U STREET WAS A HAVEN FOR BLACKS WITH MONEY, PEOple who had some class about them. I opened Cecelia's restaurant at 12th and U streets in 1953. And I was there until 1958. At that time there was no integration in the city. The Lincoln Colonnade was a dance hall under the Lincoln Theatre on U Street. When the crowd would come to the dances at the Lincoln Colonnade, they would come to my place before the dance or after the dance. My place was very nice, a plush restaurant. I had red velvet, wall-to-wall carpeting, a cloverleaf bar and oversized black leather stools. They called it the little Stork Club of Washington. After integration, things changed. Then I moved to 618 T Street, right across the street from the Howard Theatre.
At Cecelia's we served home-cooked food. Beef stew, lima beans, ham hocks and chitterlings. I had chops and steaks, too. The big drink was scotch -- Johnny Walker Black.
Jackie Wilson, Redd Foxx, Dinah Washington, Billie Holiday, all of them came in. Peg Leg Bates, all of those people. Cab Calloway, Jimmy Lunceford's band, the Count Basie band, we had them all. Joe Louis, Sugar Ray Robinson, some of the baseball players. On the second floor of my restaurant on T Street, I had a rooming house, like a little hotel. It was where the performers stayed. It was set up as a rooming house. Just about everybody stayed there.
Black Washington's affluent frequented my club at 12th and U more than at 7th and T. That club on U Street was more personal. It could accommodate 35. I'd rather not say who were my patrons -- a lot of the doctors, lawyers, schoolteachers. Joe Louis was a regular. He was the best man at my wedding. I knew him very, very well. When Charles Diggs was first sworn in as a congressman, a whole trainload of people from Detroit came to my restaurant.
Everybody at my club at 12th and U dressed like they were on their way to church or a grand affair. Even if it was 12 noon, they were dressed to come in the door.
So many people, famous people, would be at the bar. James Brown would come in my place. We became good friends. Sam Cooke left from my restaurant that night after the last show at the Howard Theatre. He had come in and said good night. He left after midnight. The next thing we heard, he had been killed. We dearly loved him. It was a shock to us. He was a hell of a singer.
What was unique about that time, compared to now, was women being unescorted. Women's clubs would come over to my place after meeting and they felt comfortable. Women had no interference as far as men hitting on them. They felt safe. They didn't feel they had to have their husbands meet them.

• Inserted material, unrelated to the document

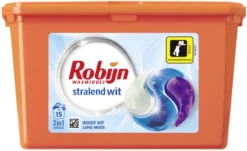 Robijn Wascapsules - 3-in-1 - Stralend Wit - 15 Stuks -Wasbenodigdheden Winkel 1200x736 1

Back then everybody knew everybody. If someone drank a little too much, there was always someone to see him home. It seems like the whole climate of the city was different then. I never had a security guard. I actually ran that place as far as discipline, and no problem. Today, a woman couldn't do that.
We had black policemen. There was Lieutenant Dan Pittman. He was the oldest and best known. My family had a liquor store on U Street two or three doors from the Lincoln Theatre. We knew all the black policemen. Walking policemen had relationships with businessmen on U Street. I feel that had a lot to do with why we didn't have a lot of problems.
The different clubs and bars on U Street had followings as different as day and night. In some clubs you would see the lawyers and doctors. Right across the street would be a club where the truck drivers and blue-collar people relaxed.
It was like a party up there. It was really, really nice on U Street.